* **PROBLEM REQUIREMENTS**:
The required output is an exact copy of the lines from the one containing "Used 2024 Jeep Compass Latitude image 2" through the end of the entries below, with pictures removed.

* **SUPPLIED RECORDS**:
Segment Open

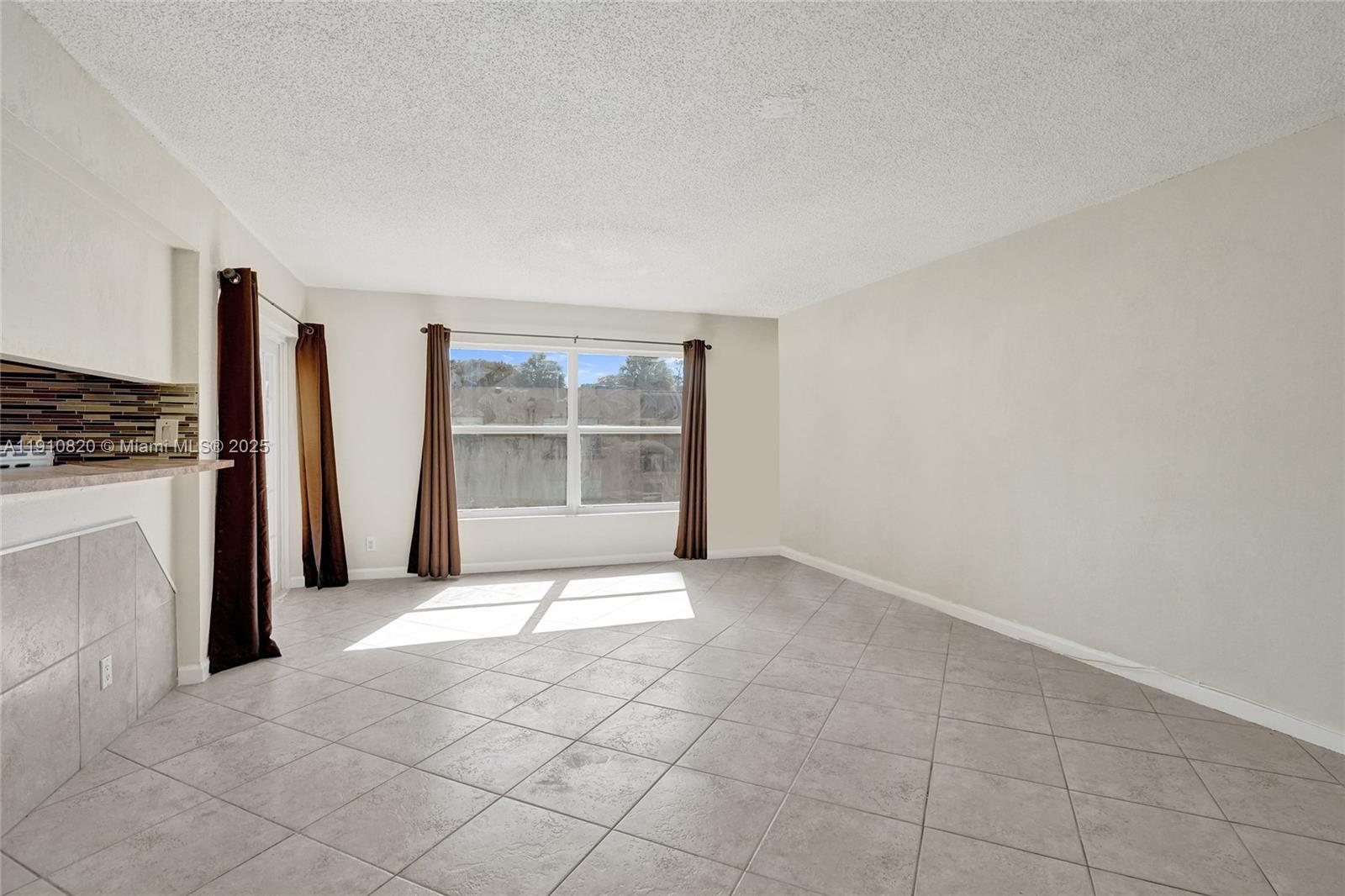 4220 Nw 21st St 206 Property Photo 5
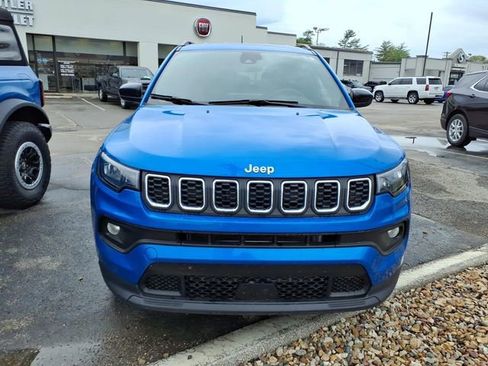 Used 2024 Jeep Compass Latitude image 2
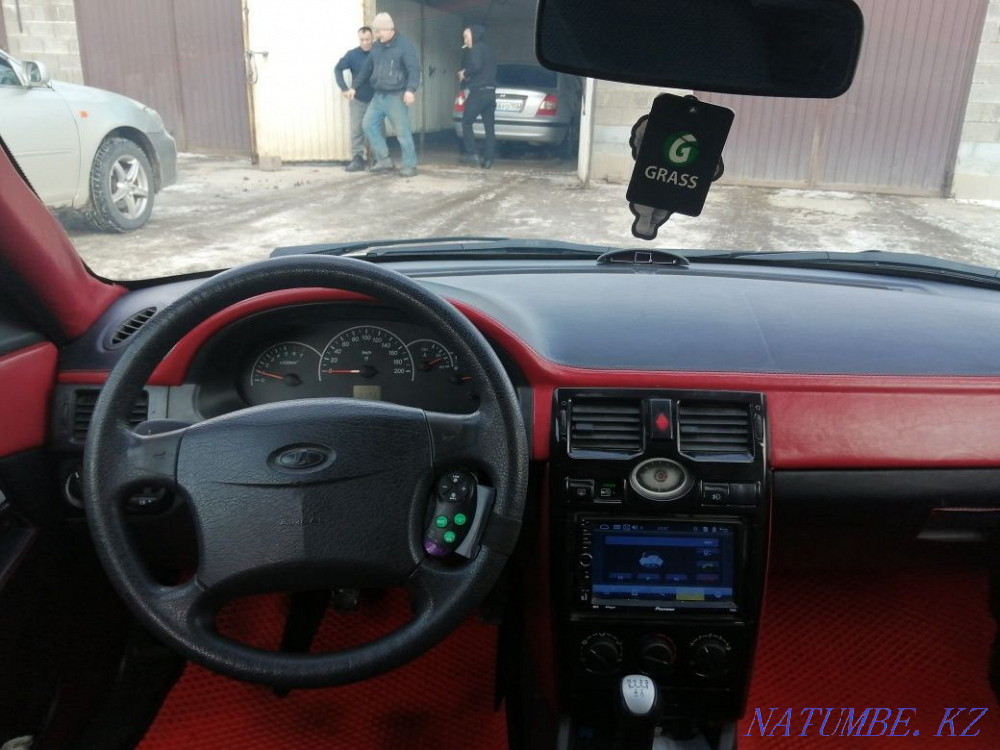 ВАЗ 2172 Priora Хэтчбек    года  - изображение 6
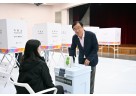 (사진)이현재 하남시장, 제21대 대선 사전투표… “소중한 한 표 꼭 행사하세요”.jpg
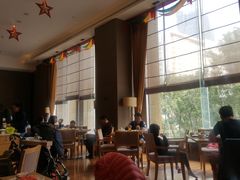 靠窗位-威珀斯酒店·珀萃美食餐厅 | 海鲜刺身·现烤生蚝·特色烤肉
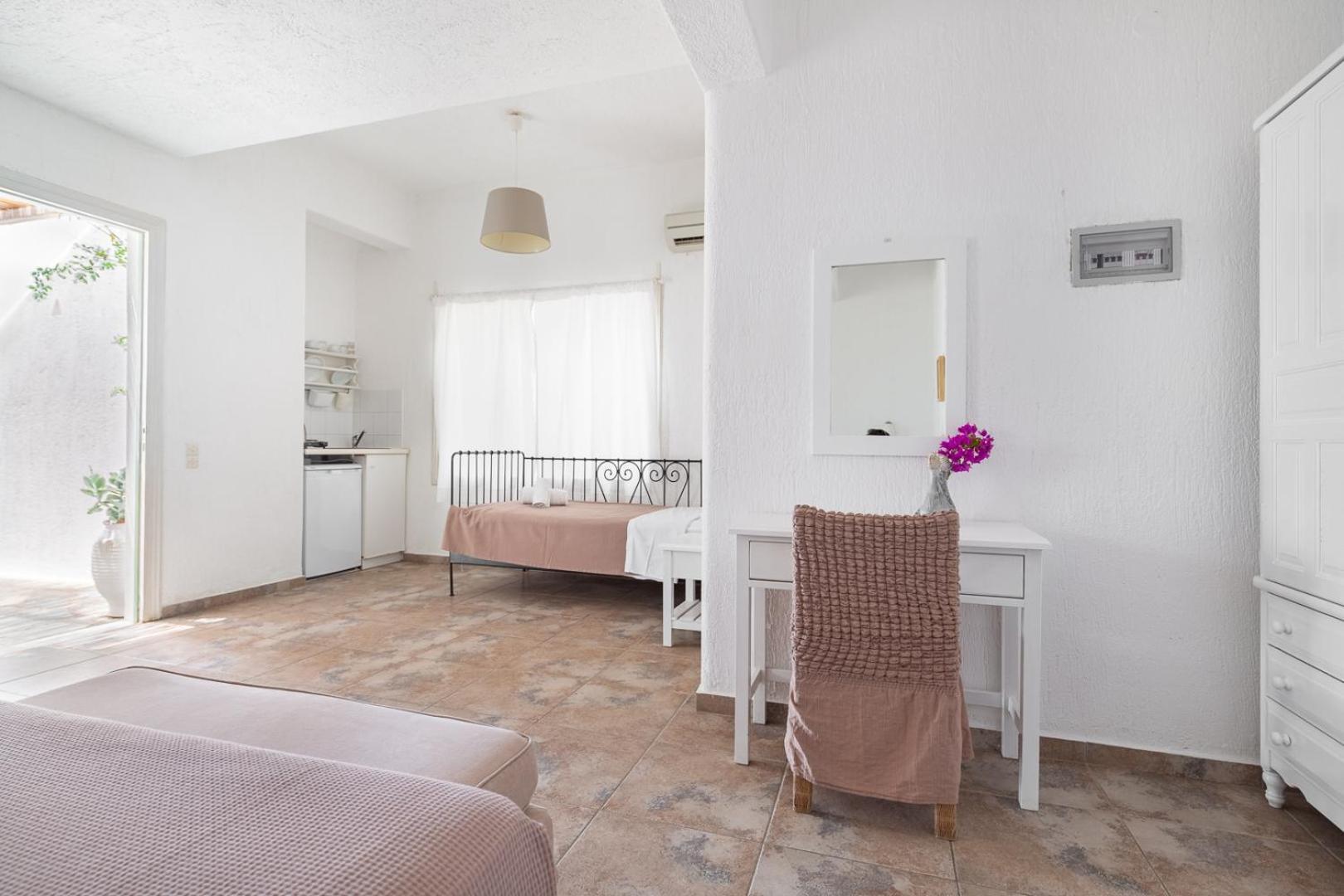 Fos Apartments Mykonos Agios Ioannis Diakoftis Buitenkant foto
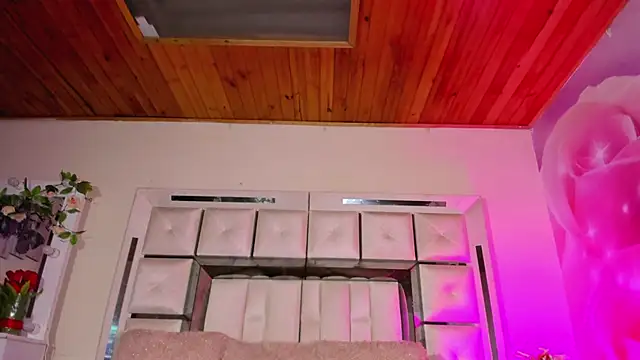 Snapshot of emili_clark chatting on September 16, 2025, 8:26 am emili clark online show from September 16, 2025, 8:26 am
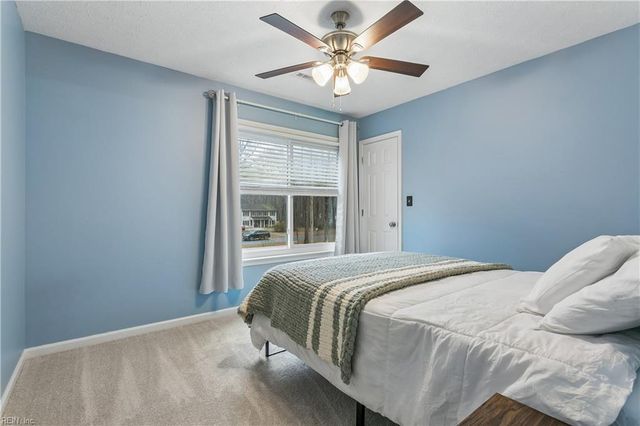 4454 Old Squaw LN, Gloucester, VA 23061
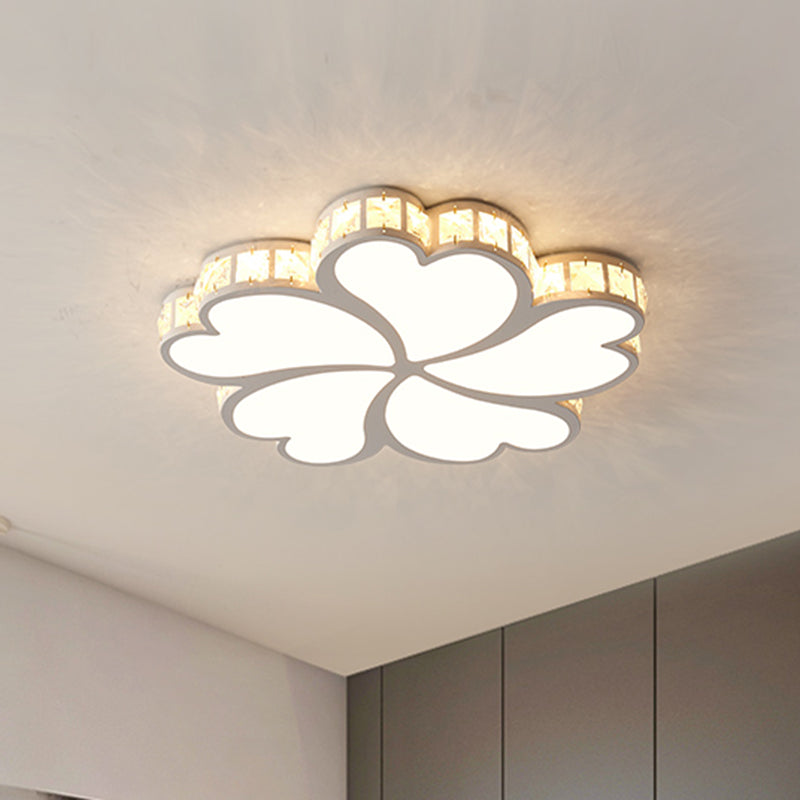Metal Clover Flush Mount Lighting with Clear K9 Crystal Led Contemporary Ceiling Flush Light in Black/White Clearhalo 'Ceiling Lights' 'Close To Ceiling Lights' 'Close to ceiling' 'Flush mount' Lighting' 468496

Segment Closed

* **RESPONSE AREA**:
 Used 2024 Jeep Compass Latitude image 2
 ВАЗ 2172 Priora Хэтчбек    года  - изображение 6
 (사진)이현재 하남시장, 제21대 대선 사전투표… “소중한 한 표 꼭 행사하세요”.jpg
 靠窗位-威珀斯酒店·珀萃美食餐厅 | 海鲜刺身·现烤生蚝·特色烤肉
 Fos Apartments Mykonos Agios Ioannis Diakoftis Buitenkant foto
 Snapshot of emili_clark chatting on September 16, 2025, 8:26 am emili clark online show from September 16, 2025, 8:26 am
 4454 Old Squaw LN, Gloucester, VA 23061
Metal Clover Flush Mount Lighting with Clear K9 Crystal Led Contemporary Ceiling Flush Light in Black/White Clearhalo 'Ceiling Lights' 'Close To Ceiling Lights' 'Close to ceiling' 'Flush mount' Lighting' 468496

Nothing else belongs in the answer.